United States District Court, D. New Jersey

May 15, 2019

STATE OF NEW JERSEY, et al., Defendants.


          Hon. John Michael Vazquez, United States District Judge.

         Currently before the Court is the complaint (ECF No. 1) of Plaintiff Matthew D. Perkins. Because Plaintiff has previously been granted in forma pauperis status in this matter, this Court is required to screen his complaint pursuant to 28 U.S.C. § 1915(e)(2)(B). Pursuant to the statute, this Court must dismiss Plaintiff's claims if they are frivolous, malicious, fail to state a claim for relief, or seek damages from a defendant who is immune. For the reasons set forth below, this Court will dismiss the State of New Jersey from this matter with prejudice; will dismiss without prejudice Plaintiff's official capacity claims and claims against the Borough of South Hackensack, Captain Kaiser, and the Bergen County Prosecutor Office; and will permit Plaintiff's illegal search and excessive force claims to proceed against Defendants McAllister and the John Doe Defendants in their individual capacities only.

         I. BACKGROUND

         In his complaint, Plaintiff alleges that he was stopped on April 26, 2017, while driving along Route 46 West in New Jersey by Defendant McAllister, a South Hackensack police officer. (ECF No. 1 at 3-4).
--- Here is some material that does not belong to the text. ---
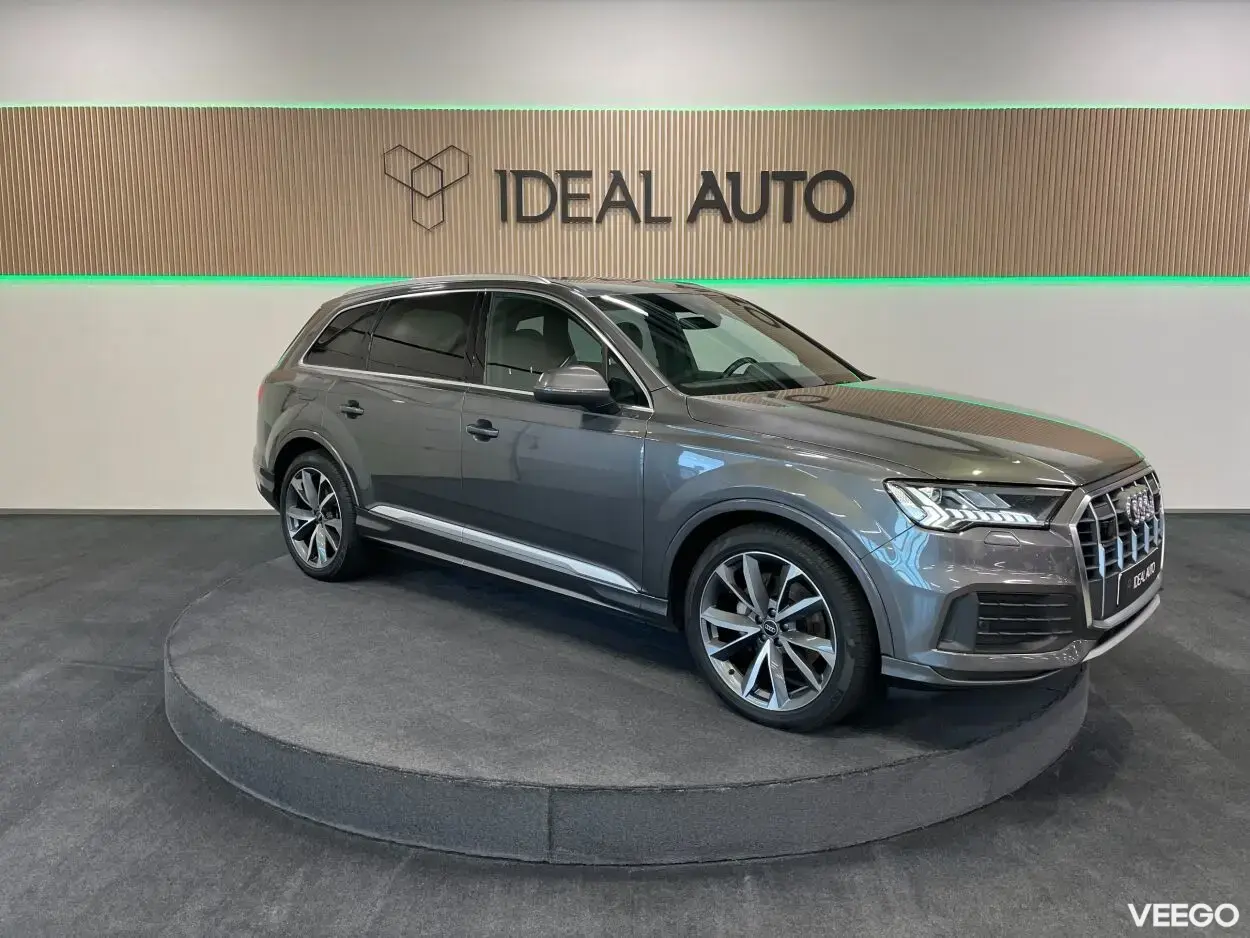 Audi Q7 50TDI Quattro 3 210kW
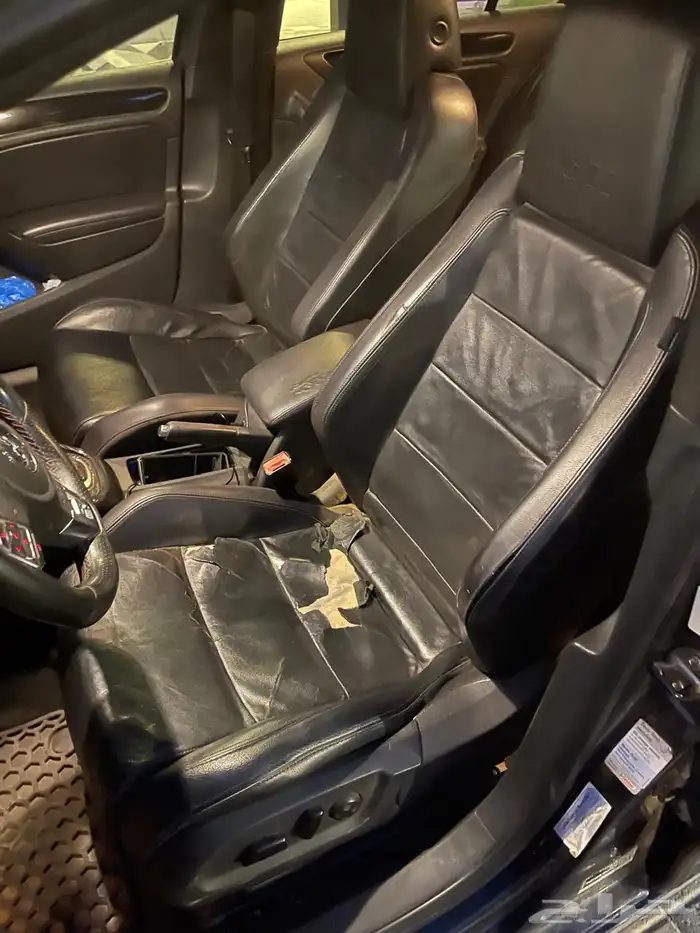 فلكس واجن قولف 2011 GTI 4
At some point during this stop, three other officers, identified as John Doe Defendants arrived. (Id.). Plaintiff was arrested and placed in handcuffs. (Id.). While handcuffed, Plaintiff alleges these four officers assaulted him by pulling and pushing on Plaintiff's arms and shoving him into a vehicle, which Plaintiff alleges caused Plaintiff to break his right hip. (Id.). Plaintiff further alleges that these four officers “illegally searched” his vehicle, including the glove box, without a warrant or Plaintiff's consent. (Id. at 3). The officers apparently recovered a weapon from the glove box. (Id. at 3-4). Plaintiff was thereafter charged by a police captain and the Bergen County Prosecutor's Office by way of a criminal complaint with possession of an unlawful weapon. (Id. at 3). Plaintiff does not explain to the Court what became of those charges after they were filed.


         A. Legal Standard

         Per the Prison Litigation Reform Act, Pub. L. No. 104-134, §§ 801-810, 110 Stat. 1321-66 to 1321-77 (April 26, 1996) (“PLRA”), district courts must review complaints in those civil actions in which a prisoner is proceeding in forma pauperis, see 28 U.S.C. § 1915(e)(2)(B), or seeks damages from a state employee, see 28 U.S.C. § 1915A. The PLRA directs district courts to sua sponte dismiss any claim that is frivolous, is malicious, fails to state a claim upon which relief may be granted, or seeks monetary relief from a defendant who is immune from such relief. This action is subject to sua sponte screening for dismissal under 28 U.S.C. § 1915(e)(2)(B) because Plaintiff has been granted in forma pauperis status.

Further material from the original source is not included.